** INFORMATION SUPPLIED **
- - -

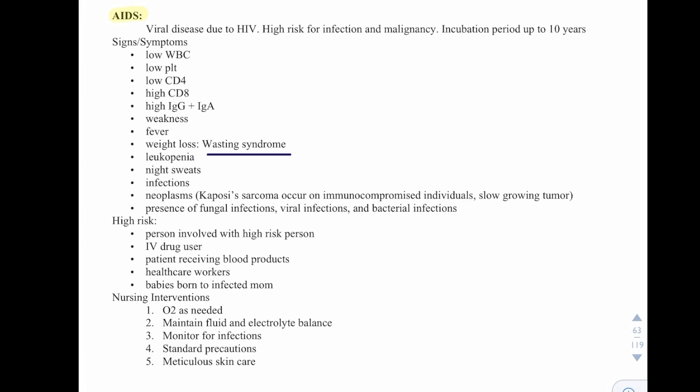High-risk groups include IV drug users, patients receiving blood products, healthcare workers, and babies born to infected mothers. Our nursing interventions are oxygen as needed, maintain fluid and electrolyte balance, monitor for infections, use standard precautions, and provide meticulous skin care.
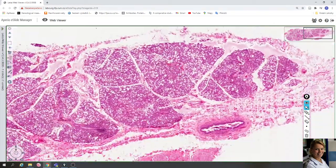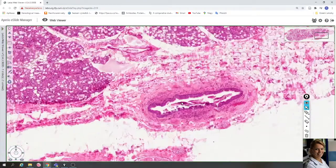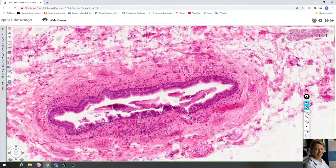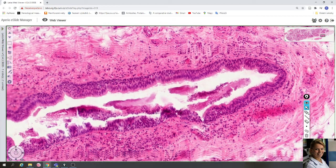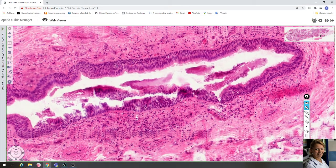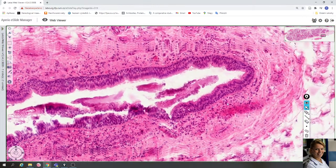Here is a very large main duct lined with pseudostratified columnar epithelium, and in its wall there are a few smooth muscle cells and collagen fibers.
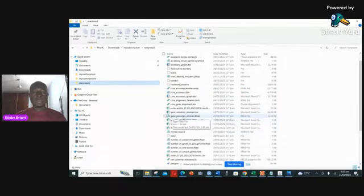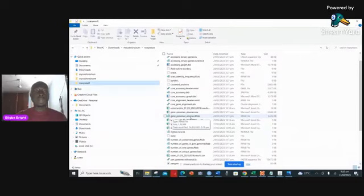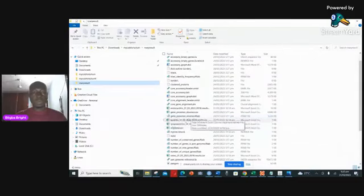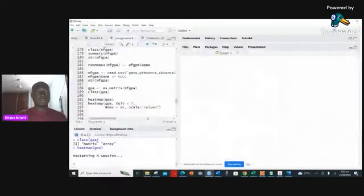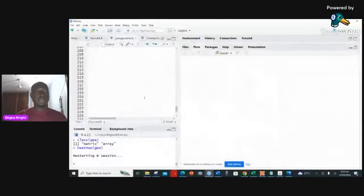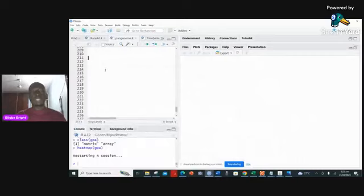When you have files like this, you can see there's one called gene presence and absence R tab, which means we can actually visualize this in R programming. If you know how to use R, I'm going to show you how to do that in about five minutes. An R tab means we can import this particular file into R Studio.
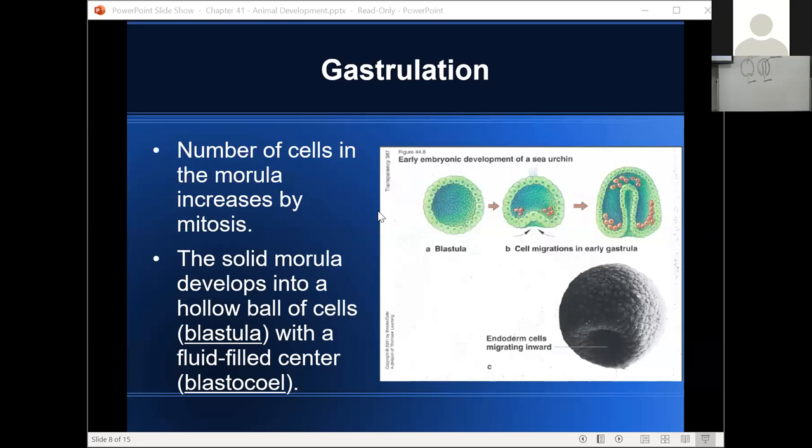Back to the PowerPoint: during gastrulation, cells migrate into the blastopore until they go almost all the way across and form this archenteron. Some cells also migrate into the blastopore here, here, and here. At this stage it's no longer called a blastula — we refer to this as a gastrula. An important thing about the gastrula stage is that during gastrulation we form three primary tissue layers.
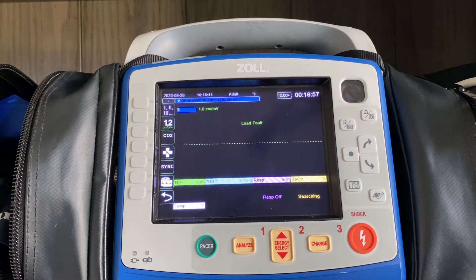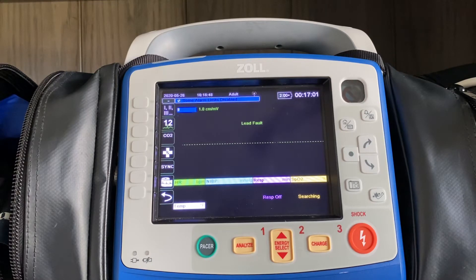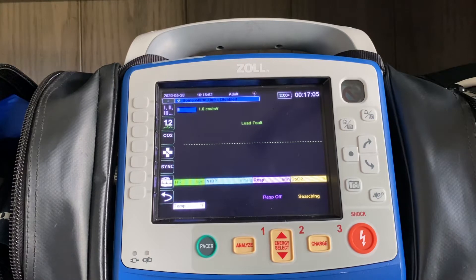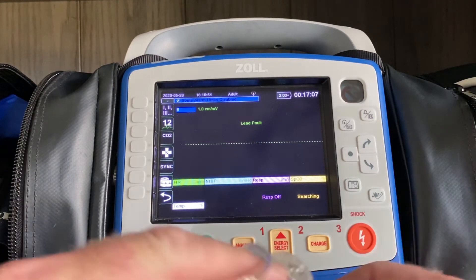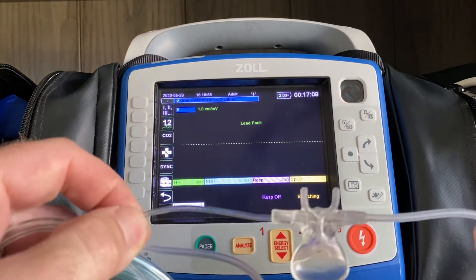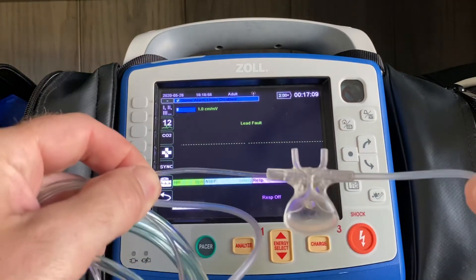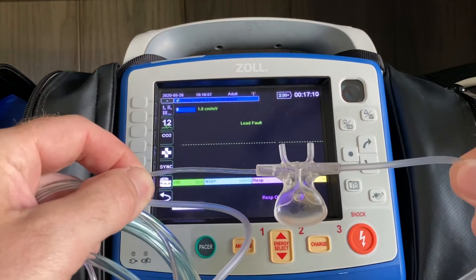The next thing we're going to take a look at is the use of capnography on respiratory distress in sepsis patients. In that case, you're going to be using this disposable piece — this oral nasal cannula.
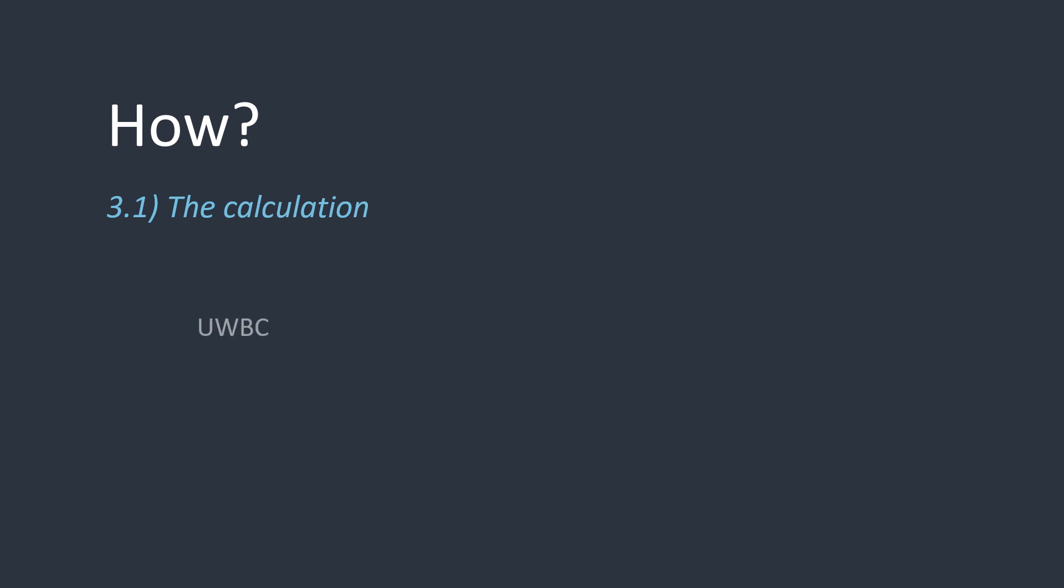First, start with the uncorrected white cell count, and multiply it by the number of total white cells counted. I mentioned previously that we aim for 100 white cells as part of the diff. There is nothing stopping you from counting more. Another thing to note, and which is quite important, is that we use the uncorrected white cell count, and not the one that has been corrected by the analyzer.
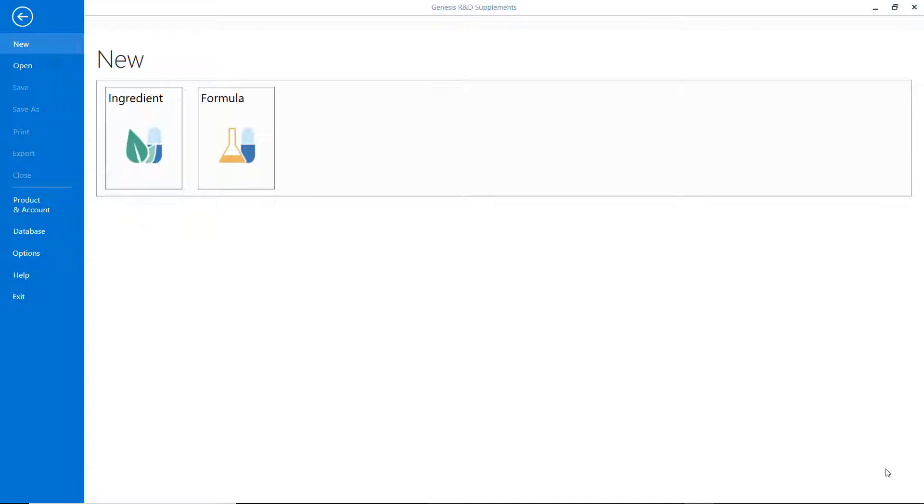Hi, thank you for joining me today. I want to show you one of the features in the updated Genesis Supplements program. It is that the program automatically combines inactive ingredients, even if you use a blend. The blend is a formula you put inside of another formula.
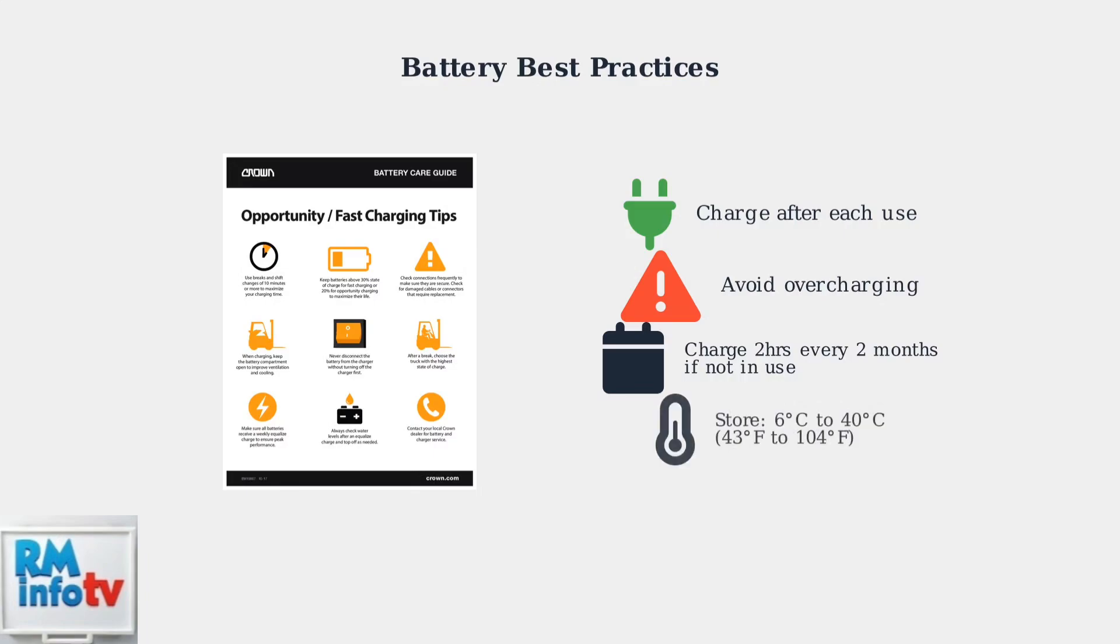Store your batteries in a cool, dry place between 6 and 40 degrees Celsius. Extreme temperatures can damage the battery cells and reduce performance. Following these troubleshooting steps and maintenance practices will ensure your Greenworks 40-volt battery system operates reliably for years to come.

- - -

** THE PROBLEM **
Restate each line of the material word for word, skipping any picture.

** WORKED SOLUTION **
High-risk groups include IV drug users, patients receiving blood products, healthcare workers, and babies born to infected mothers. Our nursing interventions are oxygen as needed, maintain fluid and electrolyte balance, monitor for infections, use standard precautions, and provide meticulous skin care.
Here is a very large main duct lined with pseudostratified columnar epithelium, and in its wall there are a few smooth muscle cells and collagen fibers.
When you have files like this, you can see there's one called gene presence and absence R tab, which means we can actually visualize this in R programming. If you know how to use R, I'm going to show you how to do that in about five minutes. An R tab means we can import this particular file into R Studio.
Back to the PowerPoint: during gastrulation, cells migrate into the blastopore until they go almost all the way across and form this archenteron. Some cells also migrate into the blastopore here, here, and here. At this stage it's no longer called a blastula — we refer to this as a gastrula. An important thing about the gastrula stage is that during gastrulation we form three primary tissue layers.
The next thing we're going to take a look at is the use of capnography on respiratory distress in sepsis patients. In that case, you're going to be using this disposable piece — this oral nasal cannula.
First, start with the uncorrected white cell count, and multiply it by the number of total white cells counted. I mentioned previously that we aim for 100 white cells as part of the diff. There is nothing stopping you from counting more. Another thing to note, and which is quite important, is that we use the uncorrected white cell count, and not the one that has been corrected by the analyzer.
Hi, thank you for joining me today. I want to show you one of the features in the updated Genesis Supplements program. It is that the program automatically combines inactive ingredients, even if you use a blend. The blend is a formula you put inside of another formula.
Store your batteries in a cool, dry place between 6 and 40 degrees Celsius. Extreme temperatures can damage the battery cells and reduce performance. Following these troubleshooting steps and maintenance practices will ensure your Greenworks 40-volt battery system operates reliably for years to come.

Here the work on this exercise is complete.